WebRTC Expert Feature

October 11, 2019

Humans - The Weakest Link in Any Security System

For the entire history of humans we have been developing systems to protect our property from others. The Egyptians built the pyramids, many European civilisations built castles, humans the world over invented safes, vaults, doors, locks, CCTV, and alarm systems. However, no security system has ever been completely impenetrable. The main reason for this is less about flaws in the design (although these exist) and more about the humans involved in using the security systems. 

A person who left a door unlocked, wrote down the code to a safe, let down the drawbridge to a castle, or wasn’t monitoring the CCTV creates a weak link in the security. Security is only ever as good as its weakest link, as an unsavoury person is going to find the easiest way to break in. Unfortunately, as more of our lives are being connected to the digital world, the security of these systems remains patchy, with the biggest risk remaining as the humans using them.


Passwords are one of the most primitive parts of data security. They unlock user accounts, computers, banks and other systems by having the user type a string of letters, numbers and symbols that (in theory) only they should know. As computers have become more powerful, nefarious people have been able to develop computer systems that can make hundreds of guesses every second, meaning shorter passwords made up of only letters are much easier to hack. 

Therefore, security professionals have begun requiring users to have passwords that are longer and contain a mix of different characters. However, this makes the passwords more complicated, and more difficult to remember.To help them remember, users often write them down on post it notes and leave them on their desks. This means that anyone with physical access to the workstation is able to break in. One recommended solution to this is a password manager like Lastpass which generates unique passwords for each user account and allows the user to only need to remember one. 

Two Factor Security

To combat the inherent weakness in passwords, security experts developed two factor security systems. These typically work by requiring users to enter a username, password and a unique code that changes each time the user logs in. This can help overcome the problems of users using weak passwords, or writing them down in places that are easy for others to find, as access is only granted when someone has  an app or security key. These systems have become widespread, with social media networks like Facebook and Twitter, banks like HSBC, and companies from the entertainment sector like PokerStars providing support or two factor security. 

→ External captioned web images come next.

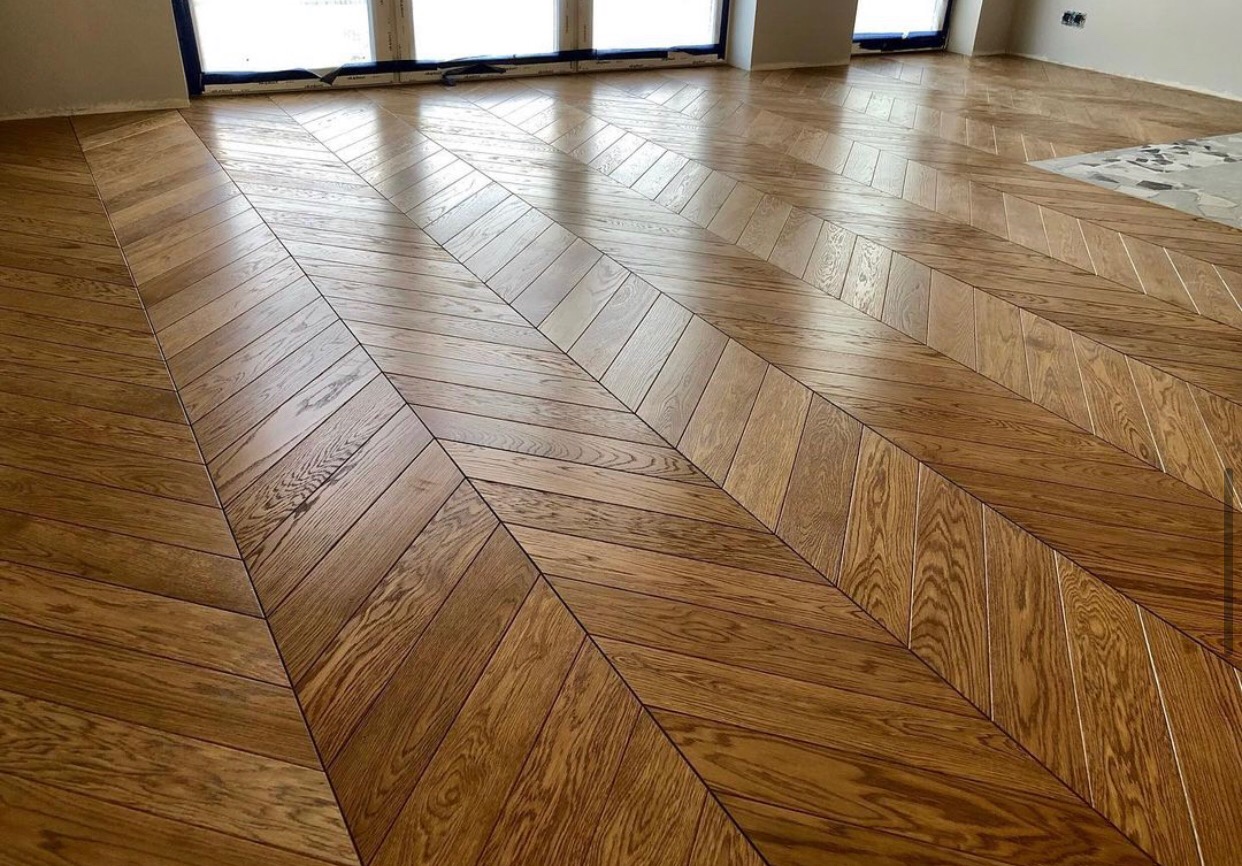 Ułożony parkiet w jodełkę francuską z naturalnego, lakierowanego drewna dębowego, widoczne okno z białymi ramami i fragment niedokończonej podłogi z szarymi płytkami.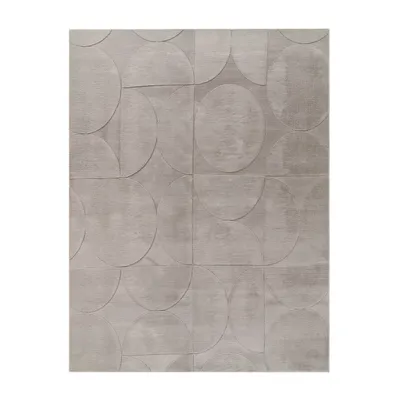 A flat lay of a grey rug with a geometric pattern of circles and semi-circles.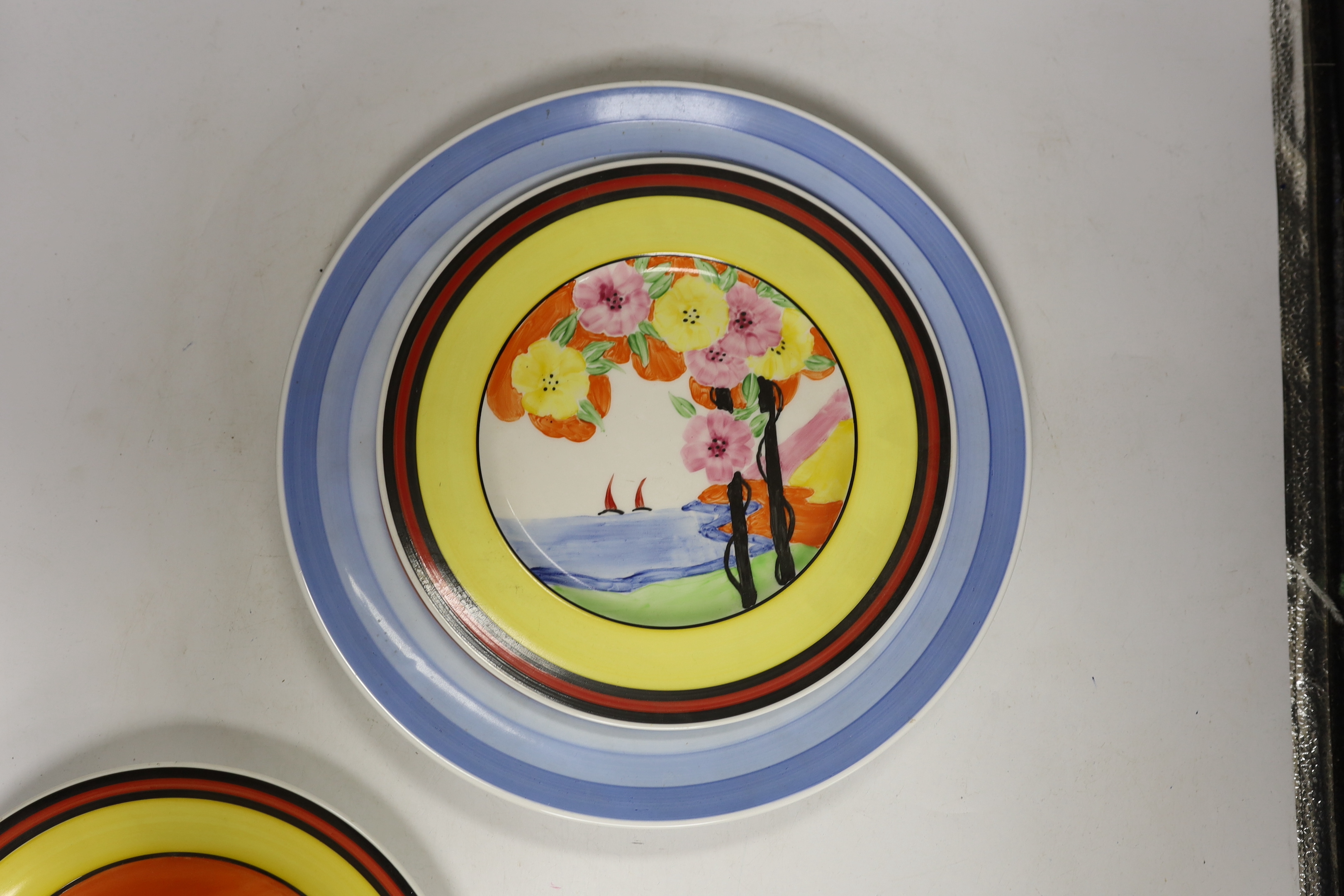 Four Clarice Cliff style plates, a similar vase and a jar and cover, tallest 31cm - Image 6 of 7
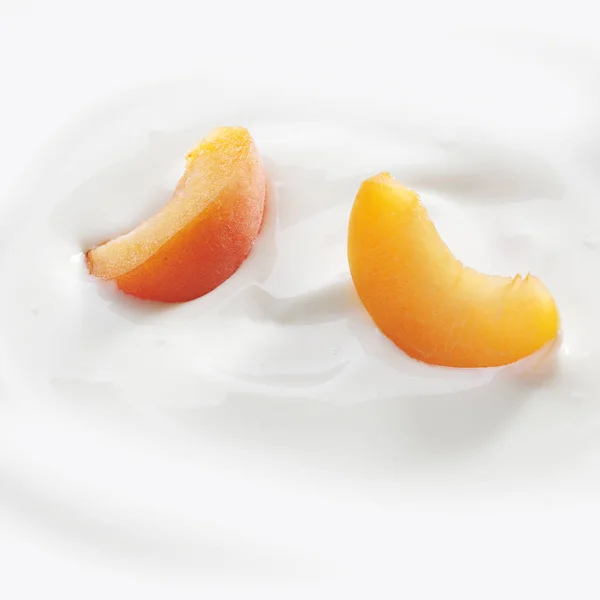 新鲜切好的桃片轻轻放在新鲜的酸奶上 — 图库照片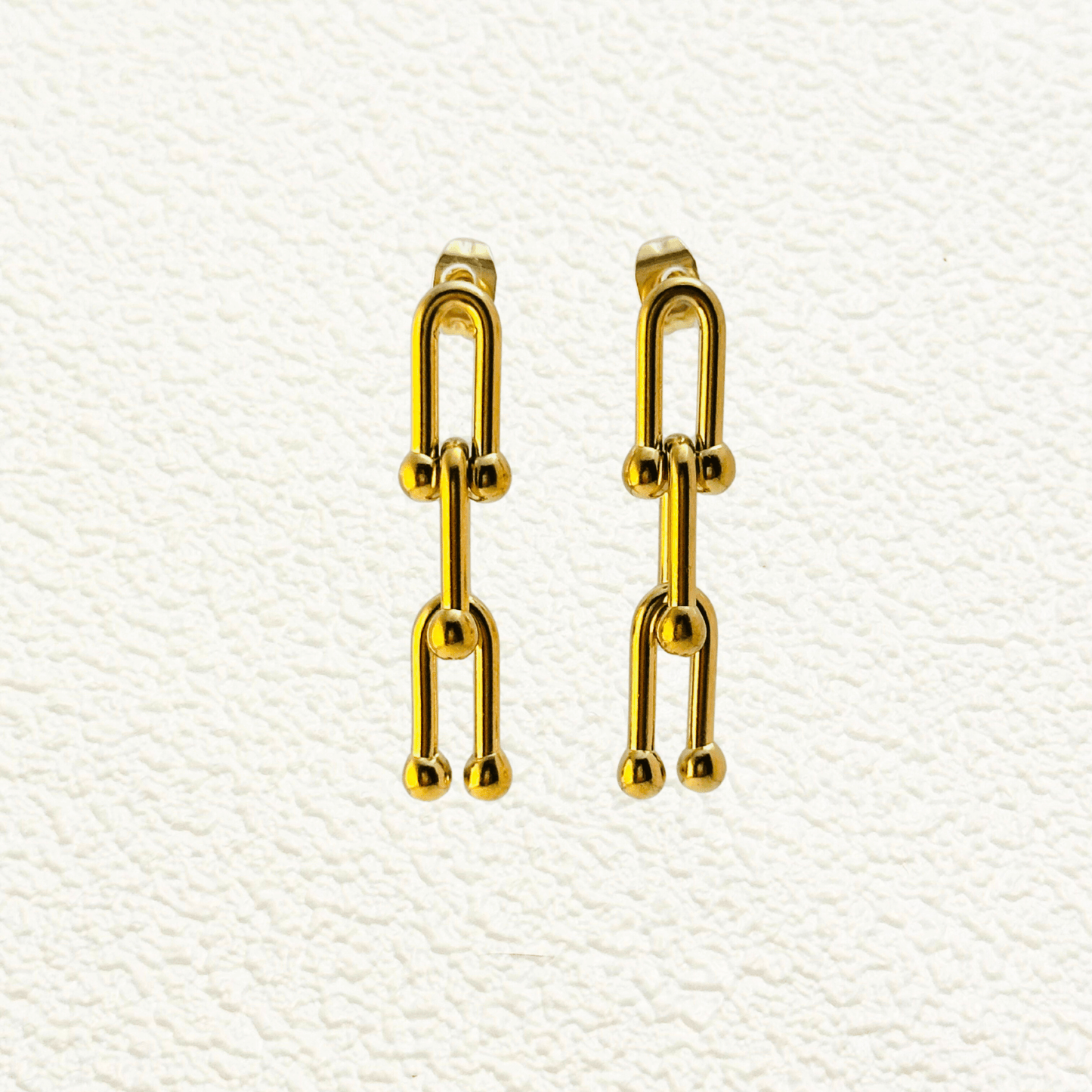 Nova Gold Geometric Drop Earrings - 18K gold-plated stainless steel with a bold, modern design.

This is not infallible though; users can lose the security key or be duped into providing a code to a scammer. There have also been instances where scammers have convinced victims to send them their security key in the post. Despite this, the biggest human-based security threat with two factor security is simply that the user fails to turn it on. 


Another major security risk that humans create is from phishing attacks. Phishing is a phrase used to refer to “fishing” for passwords, in that a person conducting an attack sends a message (typically an email) to the victim and tells them that they need to sign in. Examples of this include a warning that their account has been hacked and they need to reset their password, or that they need to sign in to access a file. When the user types in their username and password, this information is submitted to the perpetrator who can then use it to gain unauthorised access to the account. 

One of the first targets for this type of account was users of online banking services. However, the trend has been to focus on webmail services like Gmail and Yahoo as these then grant access to many other accounts, as the attacker can use the email account to reset passwords for other services. 

There are other security weak points that are created by humans, such as failing to back up data, not taking care when clicking links, oversharing on social media, and failing to keep security software up to date. However, these three are some of the biggest threats today. The good news is that they are quick, simple, and easy to overcome by ensuring that care is taken when clicking links in emails, never writing down passwords, and always using two factor security.